If I felt particularly self-aggrandizing, I could argue that this is because my tears contain a moral function. But I am not “Nikolenka”and this life is not “Childhood, Boyhood and Youth.” If the aleatory distribution of my “empathetic” tears did not disprove this point, the fact that I only cry for people I like would suffice. 

But the mystery remains: why is my sadness so divorced from my tears? The answer, perhaps, lies in the one line of Lord Tennyson’s poem that I have not addressed — “the days that are no more.” From my experiences, crying seems a tacit acceptance of finality. In fact, it seems I cry exclusively at endings — the final scene of a movie, the culmination of a loved one’s hard work, or the completion of a part of my life that will only ever exist in my memory. And as I marvel at the ending, the coming of the apocalypse, I feel a sense of closure, accepting that these moments are gone forever but will exist within me as “spots of time” that I can revive with close attention when I most need their fructifying powers. 

But I can neither see nor justify such unflinching finality in my own sadness. I am hardwired to respond to it with anxiety, despondence or resignation, the psychological equivalent of banging my head against the walls of Jericho. However, even if my tears cannot offer me cathartic release, they are scarcely unimportant; in fact, the opposite is true. 

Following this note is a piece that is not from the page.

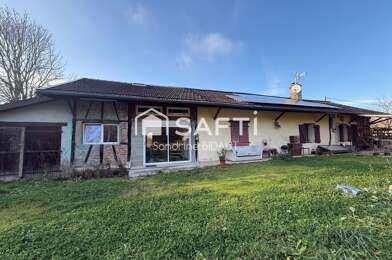 Maison 4 pièces 219000 €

Even when I cannot cry for myself, my idle tears allow me to extend the boundaries of my lived experience, to situate myself in the joys and struggles of others, to displace myself as the center of my universe. Idle tears, when shared with others, are a reminder that those moments of failure that leave us especially dispirited are but one of the tribulations we suffer and overcome, and that our happiest moments are buoyed by the successes of our friends. 

And so, the next time you are filled with pride, watching your best friend at their family weekend show, express your love with tears. And if you feel ashamed that you’re the only person who has ever teared up in the auditorium at 53 Wall St., then take solace in the fact that our lives at college are perhaps best measured in the moments that touched our hearts and made us weep. 

PRADZ SAPRE is a junior in Benjamin Franklin college. His column, ‘Growing Pains’, runs every other Tuesday.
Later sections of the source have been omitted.